Neon Museum's First-Ever National Visiting Artist-in-Residence, San Francisco-based Whitney Lynn, to give Artist's Talk on Wednesday, June 15
This spring, the Neon Museum issued a first-ever nationwide call for entries to compete for a month-long National Artist residency in Las Vegas. San Francisco-based artist Whitney Lynn was selected from among 20 entrants. 

She will deliver an artist’s talk on Wednesday, June 15, from 6-7:30 p.m. and a studio open house on Thursday, June 30, from 6-8 p.m. Both events are free to the public and will take place at the Neon Museum National Artist in Residence studio space, located at 418 West Mesquite Ave., Suite 130, Las Vegas, Nevada 89106. The residency was made possible through a grant from the National Endowment for the Arts.

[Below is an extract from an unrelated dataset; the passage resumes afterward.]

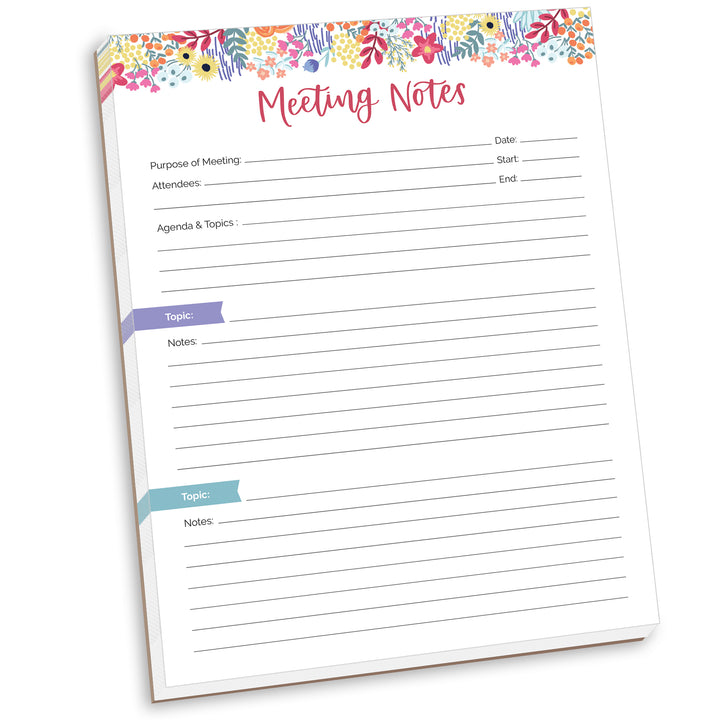 Planning Pad, 8.5" x 11", Double Sided Meeting Notes, Floral Dots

“We created the Neon Museum National Artist in Residence program as a way to introduce new perspectives and fresh opportunities for collaboration to the museum and the Las Vegas community,” said Rob McCoy, chief executive officer, Neon Museum. “As a globally relevant arts, education and historic institution, we view this residency as a chance to extend our reach while contributing to the greater cultural dialogue.”

Lynn was selected based on demonstrated artistic excellence, quality and clarity of her proposal, quality and benefit of her proposed public program and demonstrated ability to complete the project within the allotted schedule. Her interest in and past work with vernacular art forms—everything from signage to street performance to fishing lures—made the Neon Museum’s residency opporrtunity appealing. For her residency project, she plans to create a series of large-scale neon gouache drawings that would ultimately serve as plans for new neon works. She plans to work with a local fabricator to produce one physical neon sign from these drawings by the end of the residency.

“Similar to the Neon Museum, in many ways my work ‘rescues’ images from vernacular culture and strives to engage viewers to reconsider their significance through placing them in a new context,” Lynn explains. “I look forward to creating a new project inspired by the iconic signs contained in the Neon Museum’s collection.”